In 1967, Bryan, local advertising executive Cecil Brandon and hotel owner Clay Britain (now chairman of
Myrtle Beach National, a company that owns 10 Strand courses) took their idea to the small group of course
and motel operators and a collective marketing effort was launched with an initial budget of $43,000.
That was the start of Myrtle Beach Golf Holiday (MBGH) and the boom in Myrtle Beach golf that accelerated
in the 1990s when a new course opened virtually every month. MBGH has evolved into a highly sophisticated
marketing management association of 93 golf courses, 64 accommodations, four golf schools and three real
estate groups with an annual marketing budget exceeding $7 million.
The association markets Myrtle Beach primarily through events that include Golfapalooza in April featuring
equipment manufacturers, the National Police Golf Championship, the Veterans Golf Classic and the PGA Tour
Superstore World Amateur Handicap Championship.
The World Am is held in late August and annually attracts some 4000 men and women golfers from all 50 states
and 23 foreign countries. Flighted by handicap, participants compete over 4 days in a medal play format on a
total of 70 golf courses.
In a long list of exceptional Myrtle Beach courses, some that stand out include
Tidewater
in the Little River Neck section of North Myrtle Beach;
Arcadian Shores
and the Surf Club,
two excellent traditional layouts; and the newer
Grande Dunes
featuring dramatic holes along the Intercostal Waterway. Just north of Grande Dunes also
off Route 17 is sensational Barefoot Landing, a mammoth resort and residential/commercial community with four
courses designed by Davis Love, Greg Norman, Tom Fazio and Pete Dye.
Indigo, cotton and rice plantations once dominated the landscape of the Carolina Low Country. Some of the more
prominent golf clubs built on former plantations include
Pawleys Island Plantation,
a terrific Jack Nicklaus signature design; Dan Maples'
Heritage Club; and its
sister course, Caledonia,
arguably the most popular track on the Strand. Close by on the south end is
Tradition,
a less heralded Ron Garl design that merits high praise.
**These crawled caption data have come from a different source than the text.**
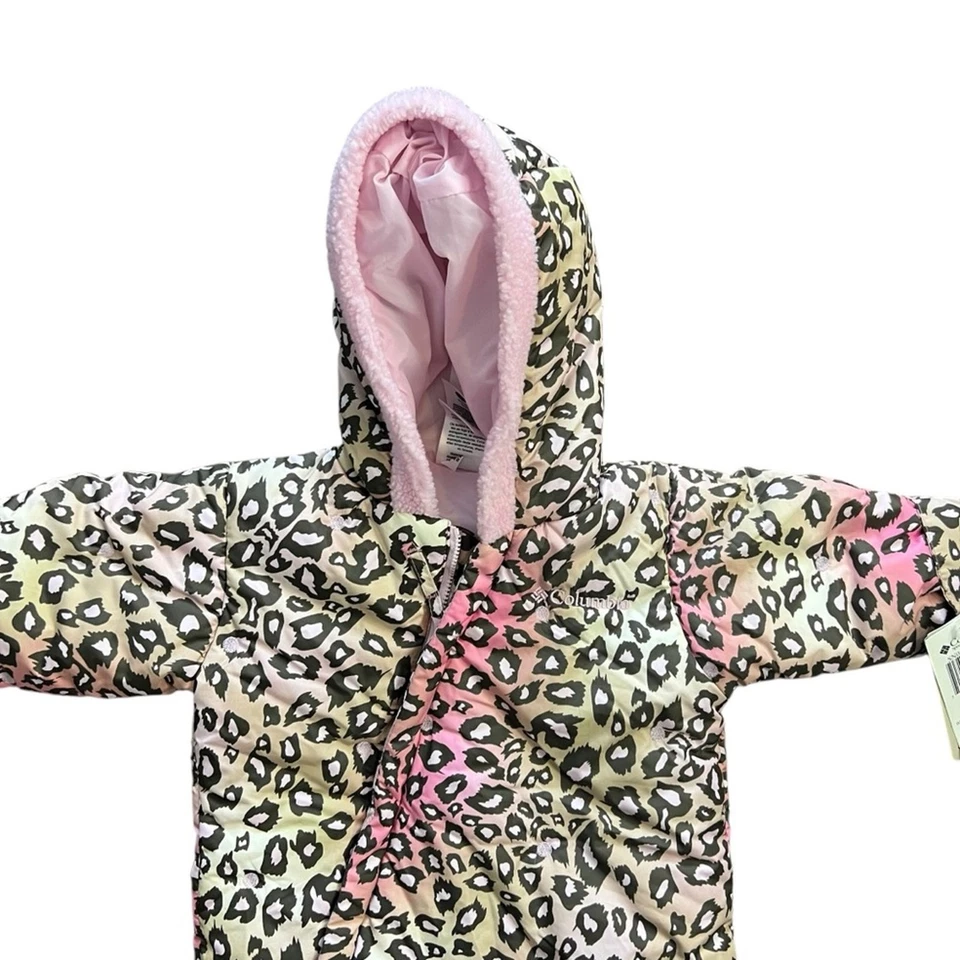 Nuevo con etiquetas Columbia 6M Infantil Traje de Nieve Bunting Bolso Rosa Leopardo Talla 6 Meses Foto 2 de 4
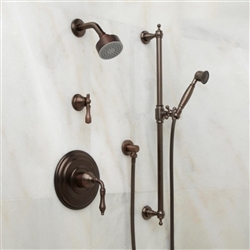 Agra Vintage Oil Rubbed Bronze Finish Shower System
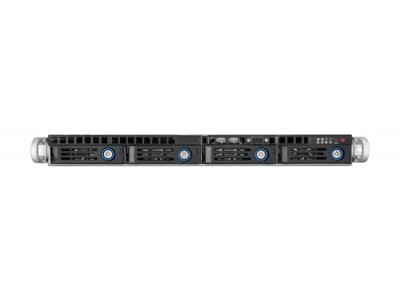 1U Rackmount Server Chassis for ATX/MicroATX Motherboard with 4 Hot-Swap HDD Trays & PCIe x16 Slot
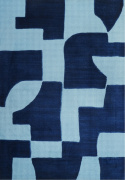 Alfombra \'Velenna\' 200x280 cm - Azul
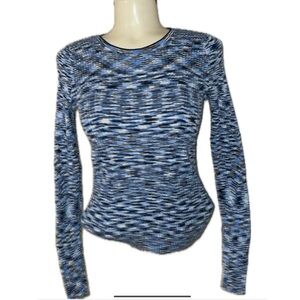 GAP Retro look Gap SpaceDye Blue long sleeve sweater.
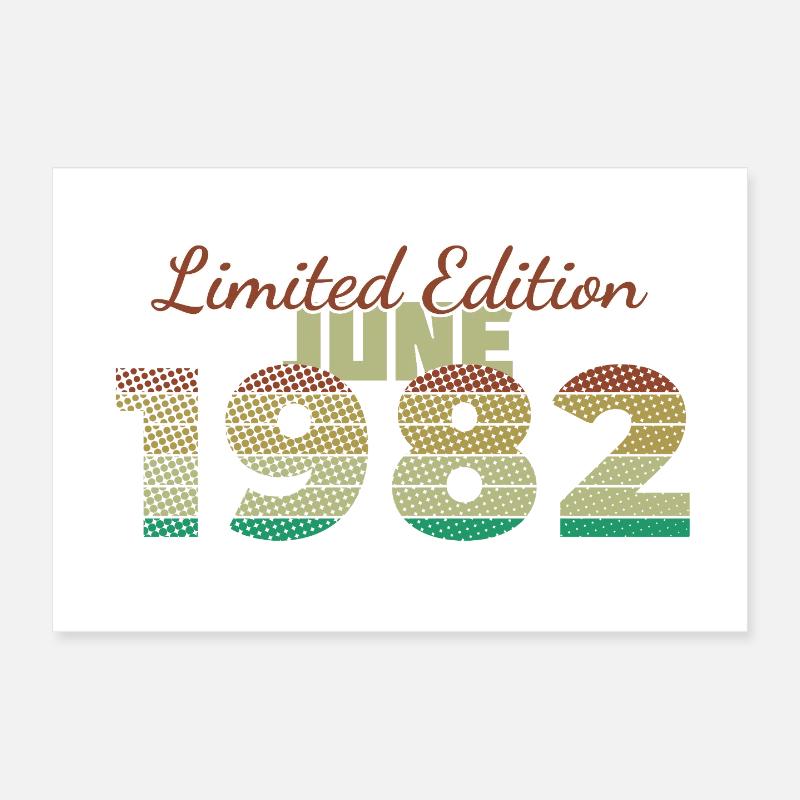 44e anniversaire Édition Limitée (SCR) 06/1982 Poster 30 x 20 cm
In North Carolina, courses of note include Arnold Palmer's
River's Edge;
Tiger's Eye;
Long Bay, another Nicklaus
product; Meadowlands,
a secret gem; and
Farmstead,
an outstanding traditional style layout featuring a nearly
700-yard finishing hole that starts in South Carolina and ends in North Carolina.
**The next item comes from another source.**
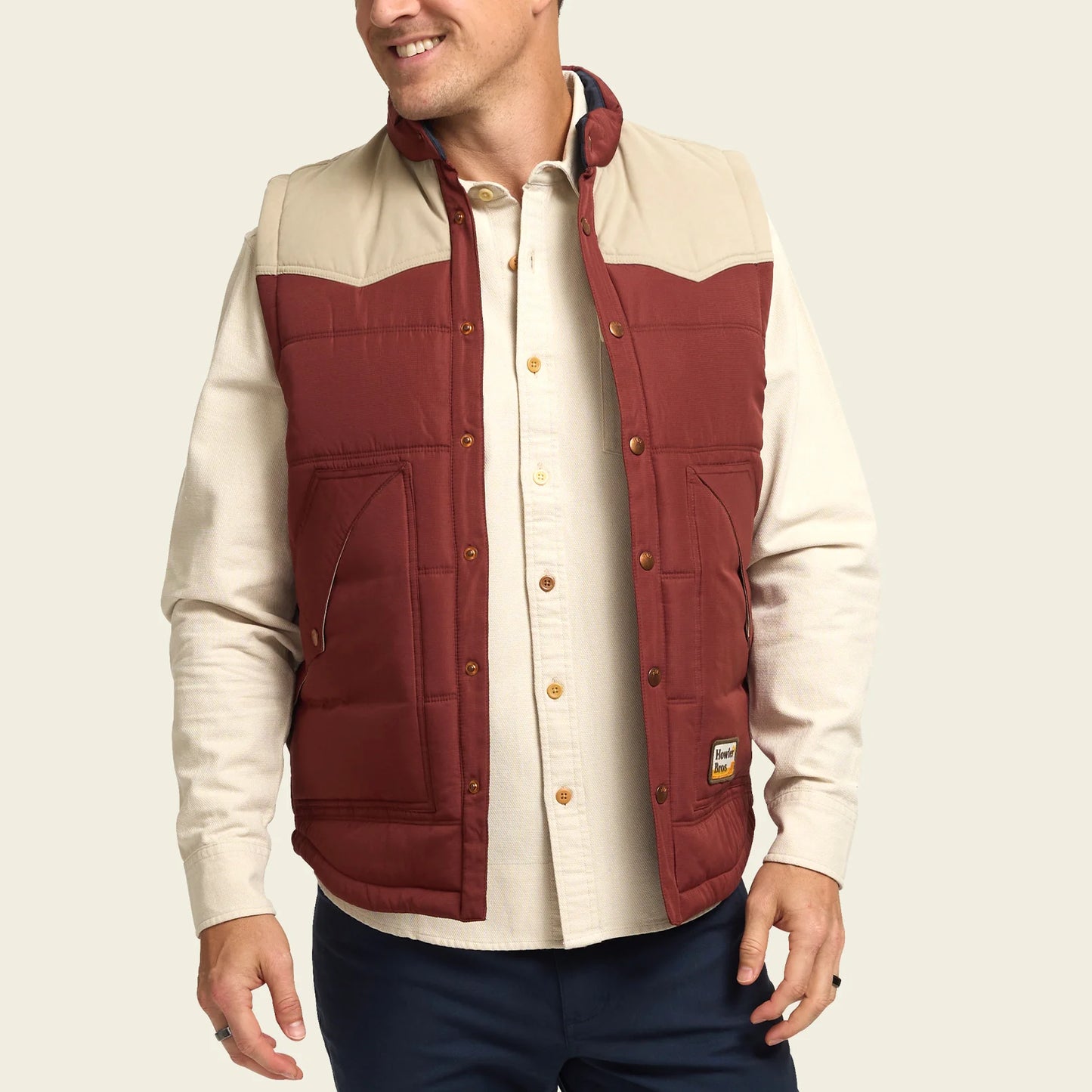 Rounder Vest -Terracotta/Putty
West of Myrtle Beach along major highway 501 are The Legends with three distinctive layouts, Myrtle Beach
National with three courses led by a stunning Arnold Palmer creation, and Wild Wing with four largely open
courses featuring wide fairways, marshes and plenty of wind.
After the last putt is dropped, the dilemma for Strand visitors is what to do among a myriad of options.
Myrtle Beach has every amusement and diversion imaginable. One can start with Ripley's Believe or Not Museum,
the Aquarium, or Alligator Adventure. Roller coasters, miniature golf or driving simulated Formula One race
cars on two "NASCAR" speedways. Then there are the horse shows and rodeos at the Dixie Stampede and the
motorcycle races. Baseball fans can check out the stadium near the beach, home of the Myrtle Beach Pelicans,
an Atlanta Braves Class A farm team.
For water-related activities, there are cruises and deep-sea fishing. The Gulf Stream is only 50 miles out
and the fish, including sword fish and tarpon, are biting. Bathing couldn't be better on some of the best
beaches on the East Coast. Off the beach, water slides, including a few a quarter of a mile long, which draw
kids are a great hit with the kids.
For the landlubbers, there are tours of southern mansions, parks, and beautiful gardens, including the
spectacular 9,000-acre Brookgreen Gardens between Murrels Inlet and Pawleys Island on the south end.
For shopping, dining, and nightlife, Broadway at the Beach is the place to be. Not on the beach, this
350-acre multi-purpose mall has 15 restaurants including themed venues like Hollywood Cafe, the Palace
Theater offering live musical revues, sports bars and dozens of specialty shops. On the north end, the
sprawling complex of Barefoot Landing includes fine restaurants; the Alabama Theater featuring off-Broadway
productions and musical revues; a wildlife sanctuary around a 23-acre lake, and The House of Blues, offering
casual dining and some of the best Blues acts you'll find anywhere.